• Task item:
Starting with the line below that holds "Professional Zipper Golf" and stopping after the line that holds "Koala fleuri rêveur - Magnet carré - blanc", transcribe the lines exactly, leaving out all pictures.

• Material provided:

# # # # # # #

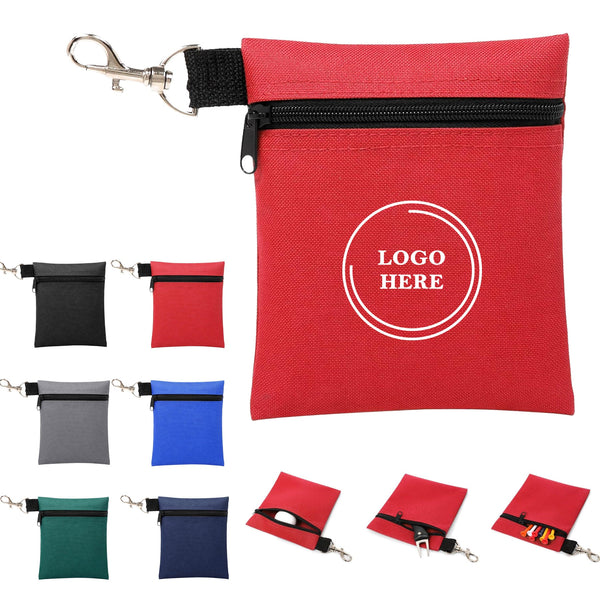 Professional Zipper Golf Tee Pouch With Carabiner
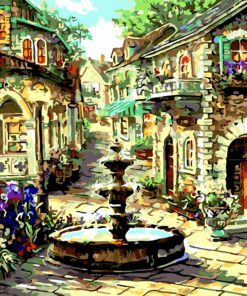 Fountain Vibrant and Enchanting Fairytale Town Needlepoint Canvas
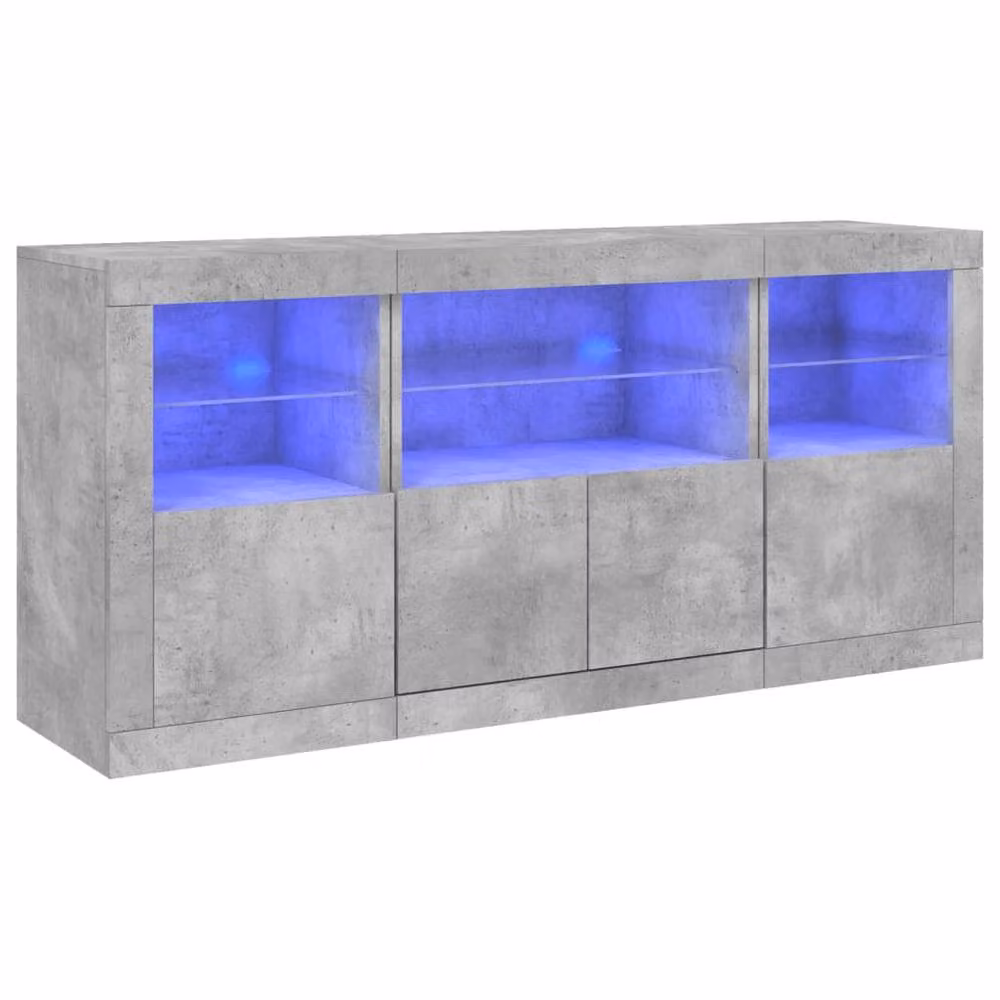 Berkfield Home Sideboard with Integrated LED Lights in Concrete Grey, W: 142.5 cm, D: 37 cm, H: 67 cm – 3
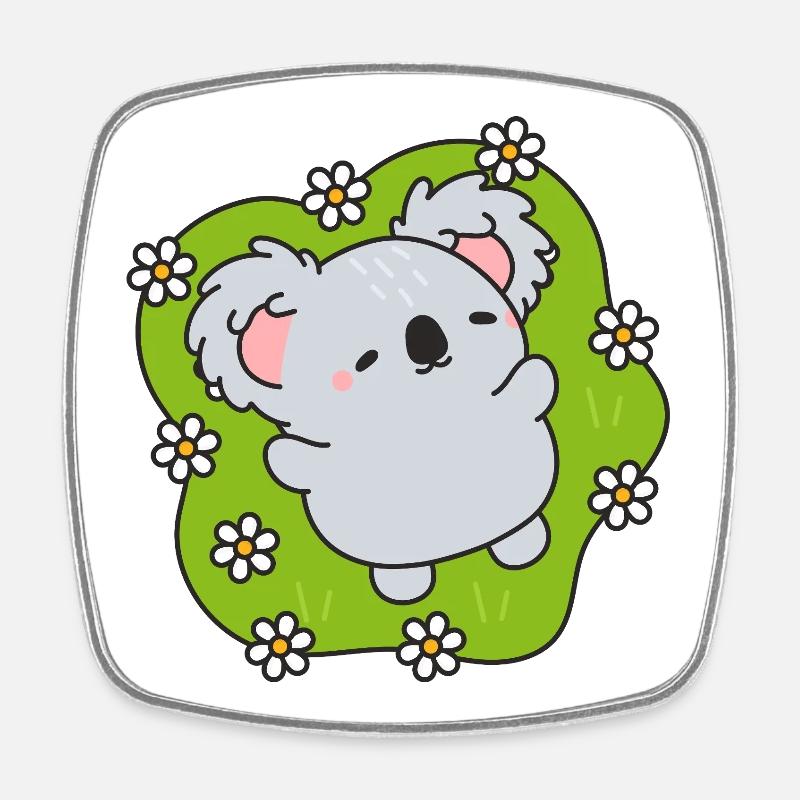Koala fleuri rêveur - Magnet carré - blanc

# # # # # # #

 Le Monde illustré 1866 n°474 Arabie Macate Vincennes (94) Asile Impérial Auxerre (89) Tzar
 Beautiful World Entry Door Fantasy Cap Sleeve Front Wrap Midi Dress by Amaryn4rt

# # # # # # #

• Output for this task:
 Professional Zipper Golf Tee Pouch With Carabiner
 Fountain Vibrant and Enchanting Fairytale Town Needlepoint Canvas
 Berkfield Home Sideboard with Integrated LED Lights in Concrete Grey, W: 142.5 cm, D: 37 cm, H: 67 cm – 3
Koala fleuri rêveur - Magnet carré - blanc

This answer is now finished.